Showing posts with label HAWQ. Show all posts
Showing posts with label HAWQ. Show all posts

Thursday, November 6, 2014

OLTP vs MPP vs Hadoop


Some of my friends asked me about OLTP, MPP and Hadoop. I tried to expain them as below.
This is related to the time writing this post. Things are changing so fast :).

OLTP Databases (Oracle,DB2) vs MPP (Netezza, Teradata, Vertica et.):

                1. - DB Oracle or DB2 needs to read data from disk to memory before start processing, so very fast in memory calculation.
                   - MPP takes the processing as close possible to the data, so less data movement
             
                2. - DB Oracle or DB2 is good for smaller OLTP (transaction) operations. It also maintains very high level of data intigrity.
                   - MPP is good for batch processing. Some of the MPP(Netezza, Vertica) overlooks intigrity like enforcing unique key for the sake of batch performance.

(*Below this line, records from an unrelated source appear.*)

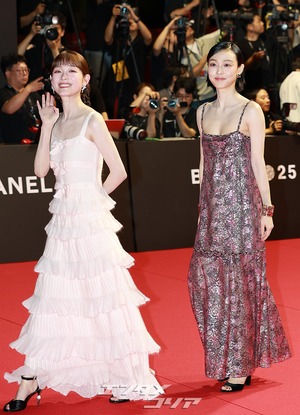 【フォト】愛らしい雰囲気のイ・ユミ＆チョン・ソニ＝釜山映画祭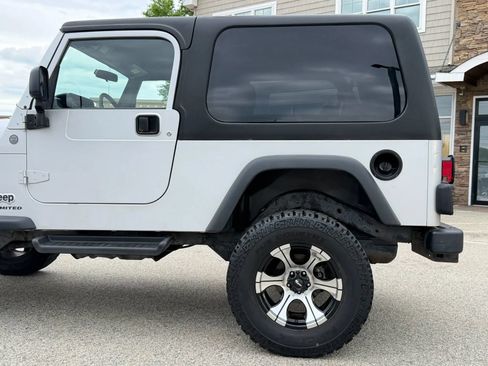 Used 2004 Jeep Wrangler 4WD image 97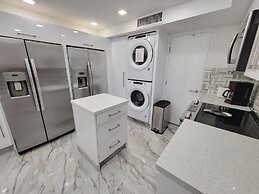 Alexander 807 5 Bedroom Apts by RedAwning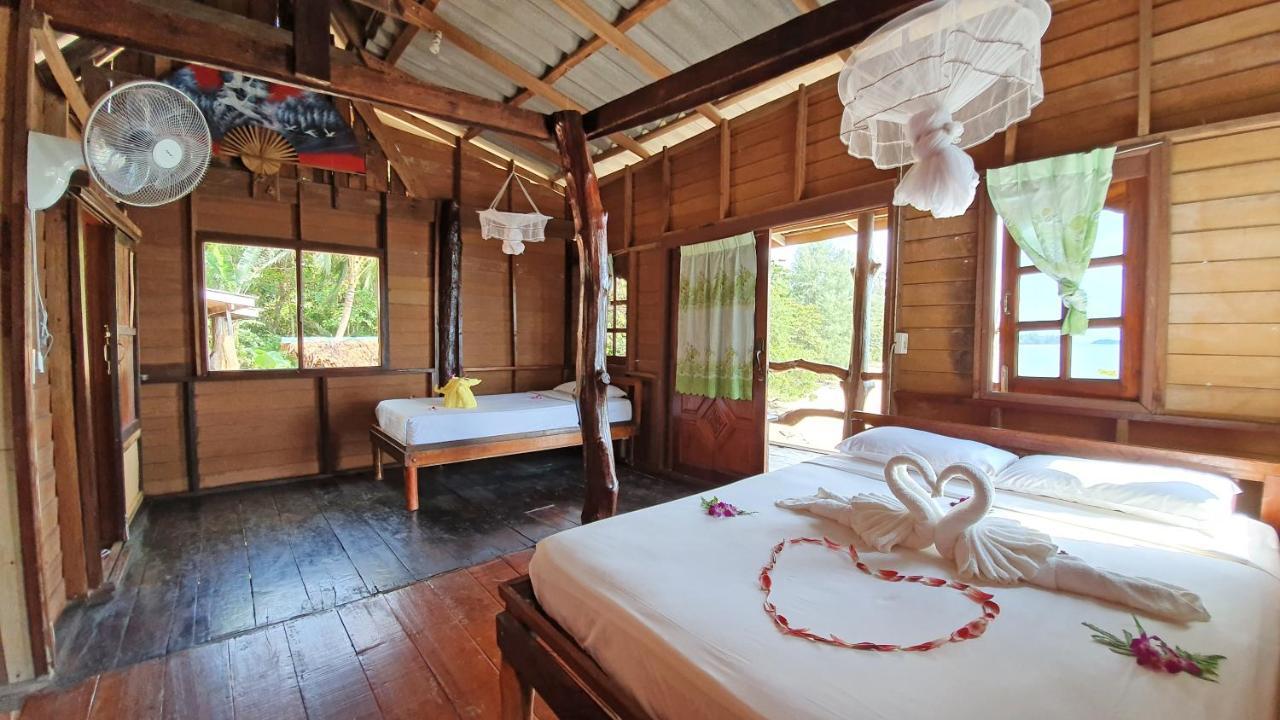 Koh Jum Aosi Beach View Bagian luar foto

Hadoop(without impala or EMC HAWQ) vs MPP:

                1. - Conventional MPP database stores data in a matured internal structure. So data loading and data processing with SQL is efficient.
                   - There are no such structured architecture for data stored on hadoop. So, accessing and loading data is not as efficient as conventional MPP systems.
                2. - With conventional MPP, it support only relational models(row-column)
                   - hadoop support virtually any kind of data.
             
                * However the main objective of MPP and hadoop is same, process data parallely near storage.
             

Cloudera impala(or pivotal HAWQ) vs MPP:

                1. - MPP supports advanced indatabase analytics
                   - Till now (impala 2.0) started supporting "SQL 2003" which may lead them to intruduce indatabase analytics.
                2. - MPP databases have industry standard security features and well defined user schema structure.
                   - Impala has very immatured security system and virtually no user schema.
                3. - MPP only supports only vendor specific filesystem and need to load data using specific loading tool.
                   - impala supports most open file formats (text, parquate)
             
                * However impala seems to become a MPP & Columnar like Vertica but cheap & open database system in near future. Just need to implement security and advance indatabase analytics.


How to choice what (in general and my personal opinion):


1. OLTP Databases (Oracle,DB2, MySQL, MS SQL, Exadata):
                - Transaction based application
                - Smaller DWH
                * However Exadata is a hybrid system and I have experience to handle DWH with ~20TB data.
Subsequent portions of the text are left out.